Epstein-Barr virus (EBV) is a highly prevalent human gammaherpesvirus that establishes latency in B cells. EBV infects more than 90% of the adult population and is considered a causative agent of MS (26). The association between EBV and autoimmune disease was first demonstrated in 1979 when it was reported that peripheral blood lymphocytes from MS patients have an increased tendency to transform in vitro in response to EBV (27). Epidemiological findings support the association between EBV and MS; EBV is present in nearly 100% of people with MS, and seronegativity protects from disease (28–30). There is geographic overlap of infectious mononucleosis (IM), an immune system–driven syndrome usually caused by EBV, and MS (31), and a history of IM increases risk of developing MS (32, 33). A recent paper used U.S. military records of more than 10 million young adults to demonstrate that EBV infection precedes MS development and that EBV infection, but not other viral infections, increases the risk of MS development 32-fold (34). There is also robust clinical evidence for EBV’s contribution to MS. People with MS have higher titers of EBV-specific antibodies than healthy individuals (35), which correlate with disease activity (36), anti-EBV titers in the cerebrospinal fluid are elevated in those with MS (37), and T cells in people with MS display aberrant responses to EBV (38). Further work has demonstrated that EBV’s association with autoimmune disease extends to SLE and RA (39–44). The precise mechanism of EBV’s contribution to MS is incompletely understood, although multiple possible mechanisms have been proposed, including EBV infection of autoreactive B cells, molecular mimicry, bystander activation of autoreactive cells, EBV-infected B cell invasion of the central nervous system (CNS) and activation of human endogenous retrovirus-W, and EBV-induced cytokine response

Link to full text here

 

[CRG]

Link Gammaherpesvirus infection drives age-associated B cells toward pathogenicity in EAE and MS Mouat et al, 2022 Open Access

 

[Milo]

Link Gammaherpesvirus infection drives age-associated B cells toward pathogenicity in EAE and MS Mouat et al, 2022 Open Access

Yeah my finger tripped on the "post reply" early- The post has been updated.

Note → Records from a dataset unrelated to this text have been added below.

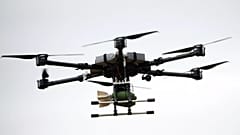 Eine Drohne mit einer Bombe fliegt während gemeinsamer russisch-weißrussischer Militärübungen auf einem Übungsplatz in der Nähe von Barysaw, 15. September 2025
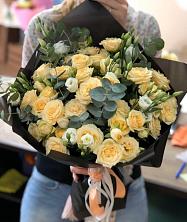 Букет птица счастья в Кротовка Букет цветов из: Розы и Лизиантусы в Кротовка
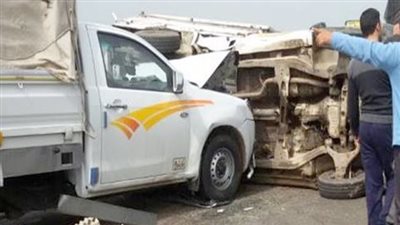 إصابة 7 أشخاص في اصطدام ميكروباص بحاجز خرساني بمحور 26 يوليو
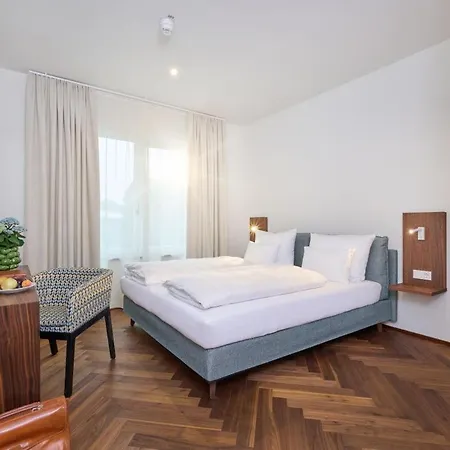 Der Einrichter Bed and Breakfast Στράουμπινγκ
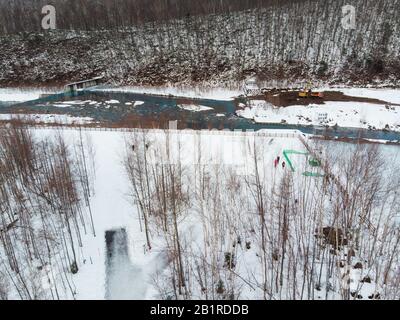 Veduta aerea a Biei dove si trova la sorgente di acqua blu per lo Shirogane Blue Pond Foto Stock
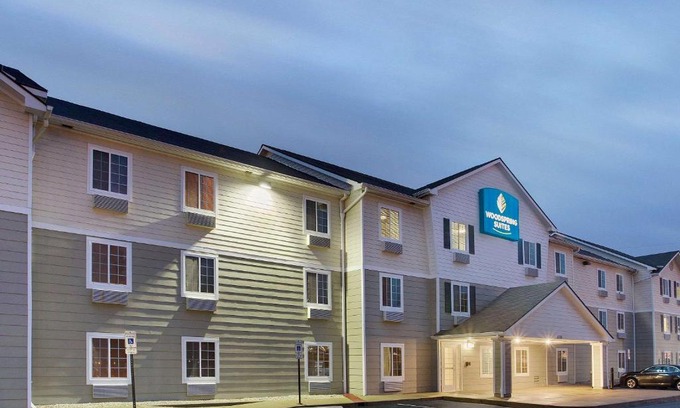 Parkdale Hotel | Budget-Friendly WoodSpring Suites in Cincinnati Fairfield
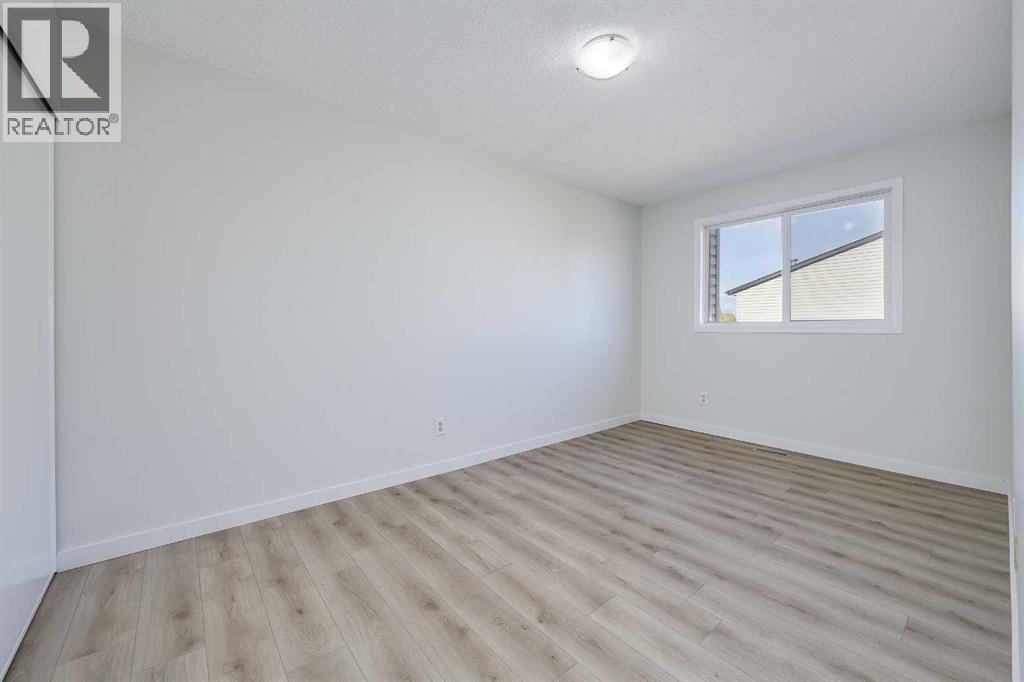 20 Alford Avenue, Red Deer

I am curious about the "age-rassociated B-cells" and wonder whether @Jonathan Edwards has studied this B-cell population.

 

[Peter T]

For any one slow on the uptake like me EAE is seen as a model for MS in mice, see https://www.ncbi.nlm.nih.gov/pmc/articles/PMC3981554/

Several different models of MS exist, but by far the best understood and most commonly used is the rodent model of experimental autoimmune encephalomyelitis (EAE). This model is typically induced by either active immunization with myelin-derived proteins or peptides in adjuvant or by passive transfer of activated myelin-specific CD4+ T lymphocytes. Mouse models are most frequently used because of the inbred genotype of laboratory mice, their rapid breeding capacity, the ease of genetic manipulation, and availability of transgenic and knockout mice to facilitate mechanistic studies. Although not all therapeutic strategies for MS have been developed in EAE, all of the current US Food and Drug Administration (FDA)-approved immunomodulatory drugs are effective to some degree in treating EAE, a strong indicator that EAE is an extremely useful model to study potential treatments for MS. Several therapies, such as glatiramer acetate (GA: Copaxone), and natalizumab (Tysabri), were tested first in the mouse model of EAE and then went on to clinical trials.